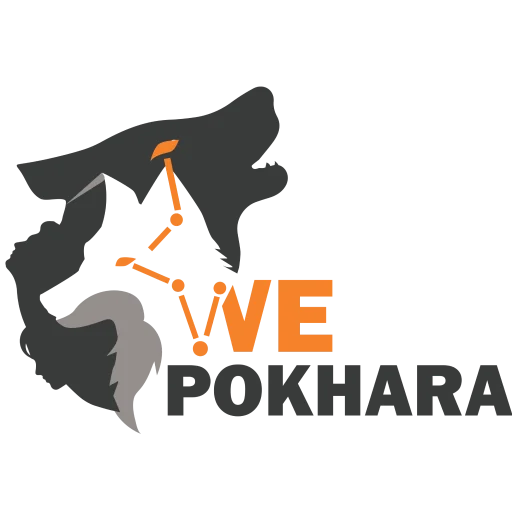 We Pokhara ডাউনলোড করুন – বিশ্বজুড়ে পোখরি পরিবারের সংযোগ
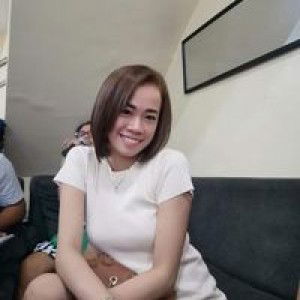 Stacey Marie profile icon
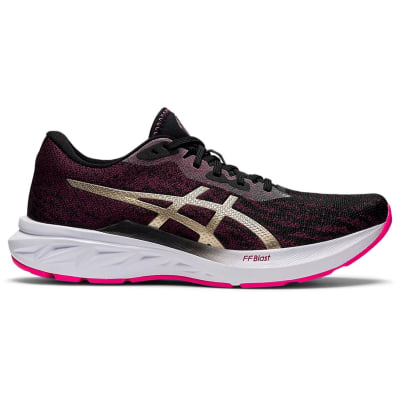 Asics Dynablast 2 Damen Running-Schuh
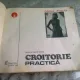 CROITORIE PRACTICA - MIHAELA TIMOFTE COCIS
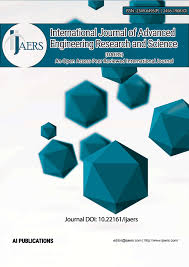 We did not find results for: Qualis Indexed Cnki Indexed Peer Reviewed Engineering Journal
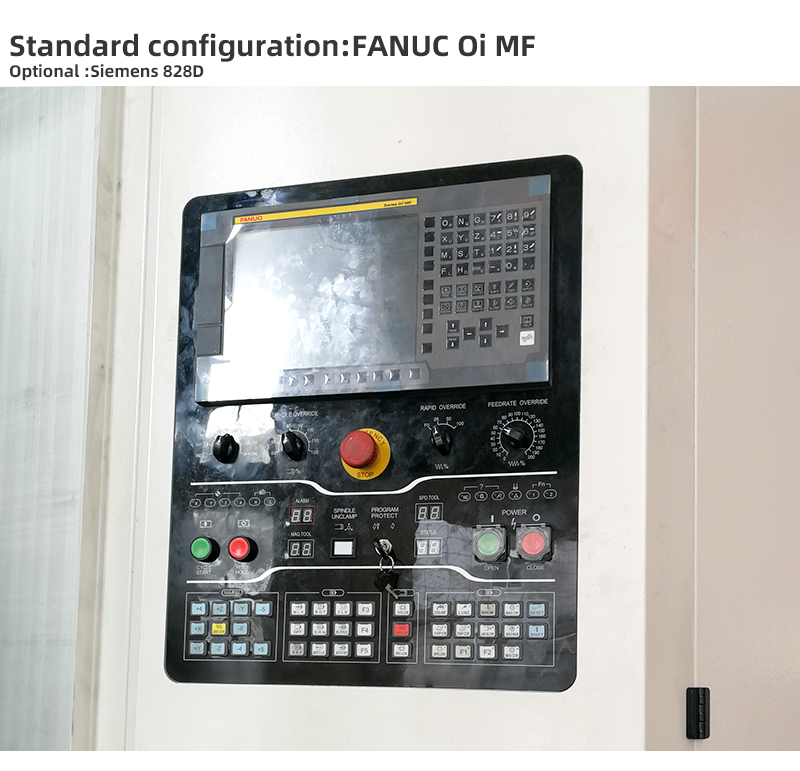 HMC1000-詳情_(kāi)04.jpg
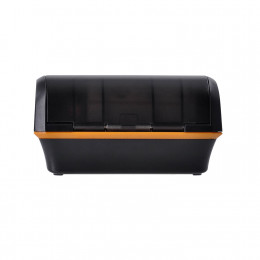 Mobil etiket printeri MERTECH DELTA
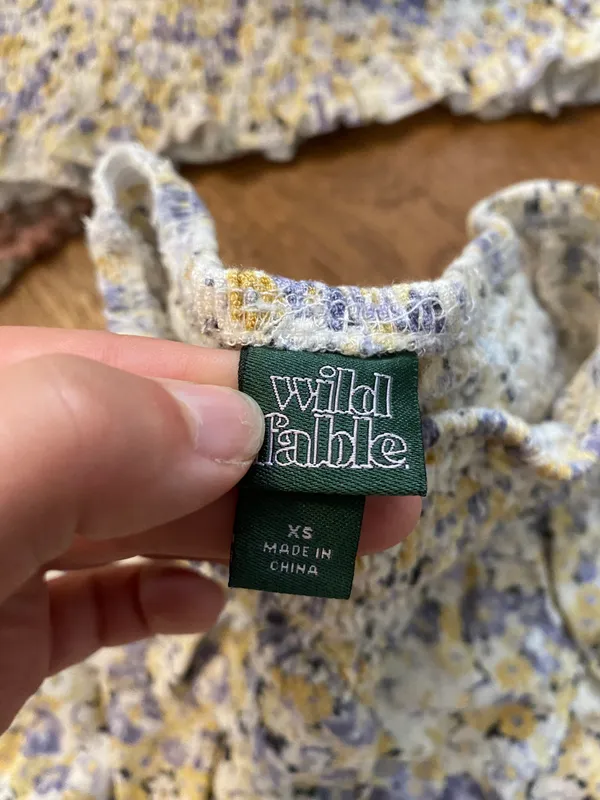 Wild Fable Set - Image 2
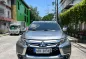 2018 Mitsubishi Montero Sport  GLX 2WD 2.4D MT in Quezon City, Metro Manila-2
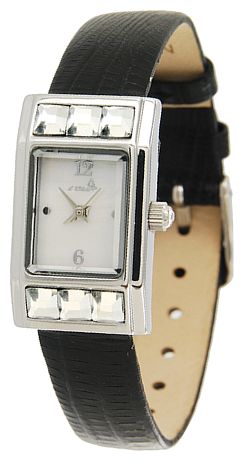 Wrist watch Le Chic for Women - picture, image, photo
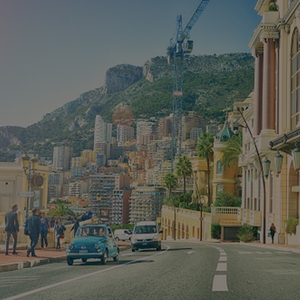 168L 前擋適用 , 新泰光學有限公司/帝航日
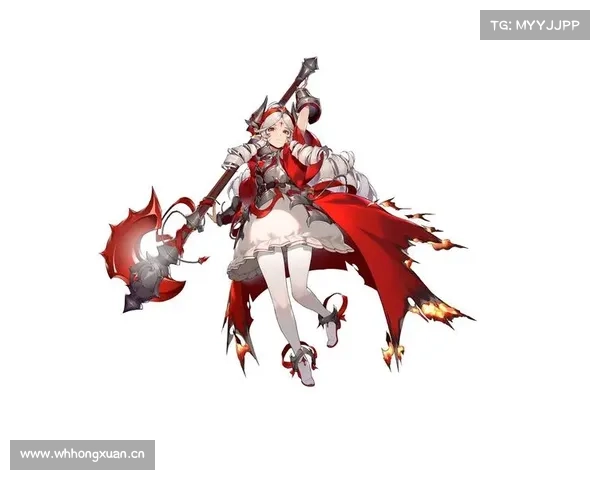 风色轨迹之光明神塔：逐层攻略，照亮前路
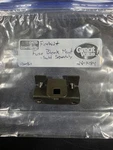 03-10 Buell Firebolt XB9R XB12R Fuse Box Mount Bracket #NV-1484. Fixed Price $5.00.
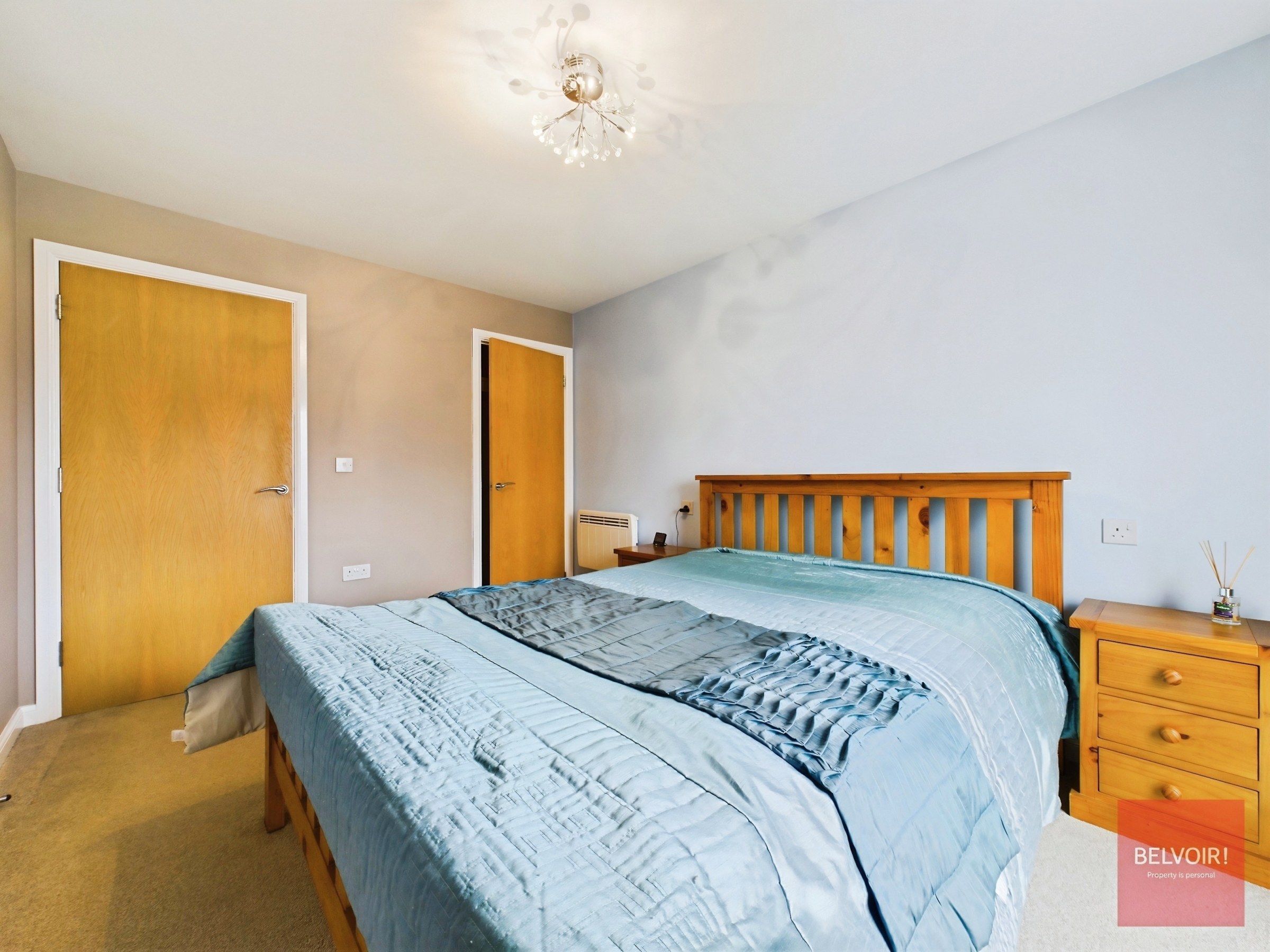 Phoebe Road, , Swansea, SA1 7FZ, photo 5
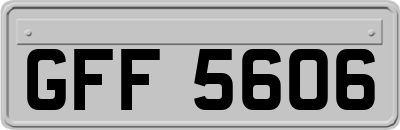 GFF5606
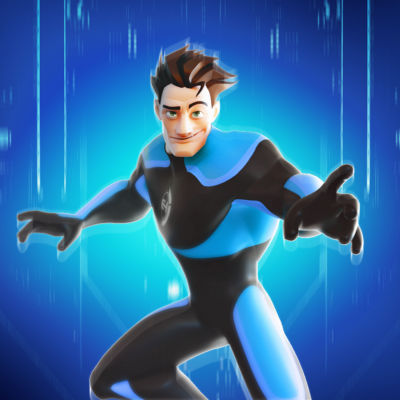 Prova_Daniele_render_ARNOLD_05
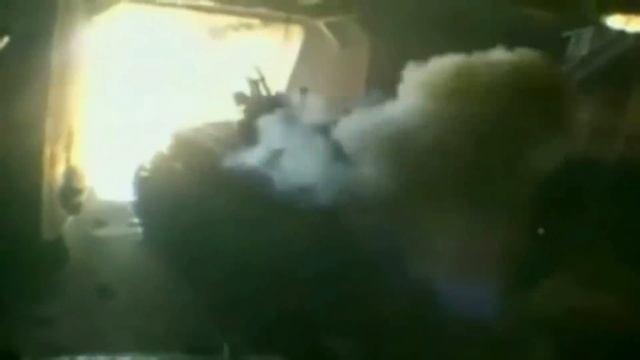 Слушать морской десант группа отечество. Десант морской пехоты. Отечество два ветерана. Отечество два ветерана. Морпехи родина слова.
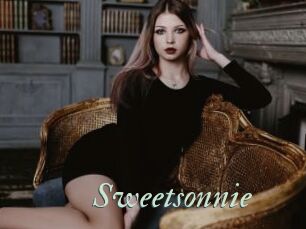 Sweetsonnie
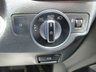 USED 2015 65 MERCEDES-BENZ A-CLASS 1.5 A180 CDI SPORT EDITION 5d 107 BHP AUTOMATIC Automatic, Only &pound;20 Road Tax! Mercedes-Benz Main Dealer Service History, Two Previous Owners, NEW MOT, Excellent fuel economy! Euro 6 / ULEZ Compliant Diesel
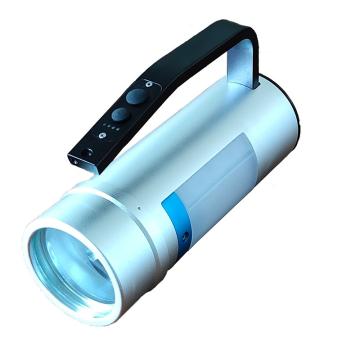 华量 LED多功能防爆手提灯 BHL6706，24W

_WHAT IS NEEDED:_ Could you repeat, exactly, only the lines above starting at the one that has "168L 前擋適用 , 新泰光學有限公司/帝航日" and stopping after the one that has "Sweetsonnie", without the pictures?

_ANSWER SPACE:_
 168L 前擋適用 , 新泰光學有限公司/帝航日
 风色轨迹之光明神塔：逐层攻略，照亮前路
 03-10 Buell Firebolt XB9R XB12R Fuse Box Mount Bracket #NV-1484. Fixed Price $5.00.
 Phoebe Road, , Swansea, SA1 7FZ, photo 5
 GFF5606
 Prova_Daniele_render_ARNOLD_05
 Слушать морской десант группа отечество. Десант морской пехоты. Отечество два ветерана. Отечество два ветерана. Морпехи родина слова.
 Sweetsonnie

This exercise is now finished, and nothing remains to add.